Rep. Allyson Schwartz, D-Pa., wants to take on Pennsylvania's Republican incumbent Gov. Tom Corbett in next year's gubernatorial election, and one of the key parts of her policy platform is open access to pre-kindergarten for all four-year-olds in the state. She is clear that not all schools would be required to offer it, and some of the access could come from existing day-care centers that are separate from the state public school system. She also knows that making any kind of universal pre-K happen is a heavy lift.
The main point, however, is that she thinks the voting public will get behind her on the concept that all families should be able to send their four-year-olds to school. "It pays dividends in dollars and cents later, not spent on remedial work, not spent on children dropping out. It's a smart thing to do.

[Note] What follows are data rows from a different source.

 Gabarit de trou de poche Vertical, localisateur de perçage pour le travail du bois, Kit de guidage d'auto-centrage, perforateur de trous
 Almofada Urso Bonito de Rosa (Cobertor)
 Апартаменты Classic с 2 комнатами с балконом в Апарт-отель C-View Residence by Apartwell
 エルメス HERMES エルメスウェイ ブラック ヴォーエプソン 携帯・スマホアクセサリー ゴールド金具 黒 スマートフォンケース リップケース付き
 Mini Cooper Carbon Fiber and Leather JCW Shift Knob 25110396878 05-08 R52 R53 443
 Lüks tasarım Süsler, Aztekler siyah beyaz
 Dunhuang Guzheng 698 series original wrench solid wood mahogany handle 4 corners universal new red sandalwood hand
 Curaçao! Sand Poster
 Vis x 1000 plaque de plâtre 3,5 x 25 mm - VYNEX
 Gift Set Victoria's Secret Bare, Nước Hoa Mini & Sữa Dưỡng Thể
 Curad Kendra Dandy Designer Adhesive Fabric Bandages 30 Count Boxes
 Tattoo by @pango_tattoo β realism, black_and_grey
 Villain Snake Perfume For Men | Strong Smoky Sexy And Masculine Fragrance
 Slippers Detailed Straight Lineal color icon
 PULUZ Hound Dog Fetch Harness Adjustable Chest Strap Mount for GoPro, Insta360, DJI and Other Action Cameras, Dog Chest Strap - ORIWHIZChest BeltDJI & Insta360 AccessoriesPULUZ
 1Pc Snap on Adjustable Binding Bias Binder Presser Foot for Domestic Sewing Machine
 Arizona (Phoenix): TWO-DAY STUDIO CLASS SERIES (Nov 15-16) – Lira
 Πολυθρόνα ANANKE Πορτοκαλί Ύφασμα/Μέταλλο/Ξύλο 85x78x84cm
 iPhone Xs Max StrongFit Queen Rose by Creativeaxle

I always believe in looking at what works," Schwartz told me in an interview last week.
The research indicates that the earlier children are made "ready to learn," the easier it is for them to meet important education benchmarks later on. By third grade, kids who aren't on grade level in reading are going to have a tough time catching up. That means school districts are going to have to invest a lot in remedial education for those kids to (hopefully) get them up to speed. It makes sense that Schwartz is talking about nipping that problem in the bud.
Schwartz's proposal isn't unique. It is purposely written in the same mode as President Obama's proposal to expand pre-K to everyone, starting with four-year-olds in families at or below the 200 percent poverty level. The political twist in the story is that Schwartz is betting that her past experience in education advocacy will win her points with Pennsylvania's families. Education is her strong point, having led the Democrats on the state Legislature's Education Committee for 10 years, and she is making the most of it. Pre-K is an easy topic to seize on, and it's a safe bet that voters will remember it. She has other education campaign promises to make, for sure. She wants to rejigger the funding formulas for the state's schools such that there aren't massive disparities, for example. And she wants to encourage the state colleges to keep their tuition rates from going up.
But the education proposal that has the most staying power is her pre-K proposal. Everyone understands it in an instant. Heck, who doesn't like four-year-olds? The only question now is whether Schwartz's pre-K proposal will set her apart from the other potential Democratic challengers and let her take on Governor Corbett next fall.
Does it help the early education advocacy community when politicians like Schwartz use pre-K as a campaign promise? How does pre-K play as an issue among voters? Among educators? What challenges face a governor who wants all of the states' kids to go to pre-kindergarten? Should universal pre-K take priority over other early education concepts like full-day kindergarten? Can pre-K be separated from school districts such that it doesn't become an added burden?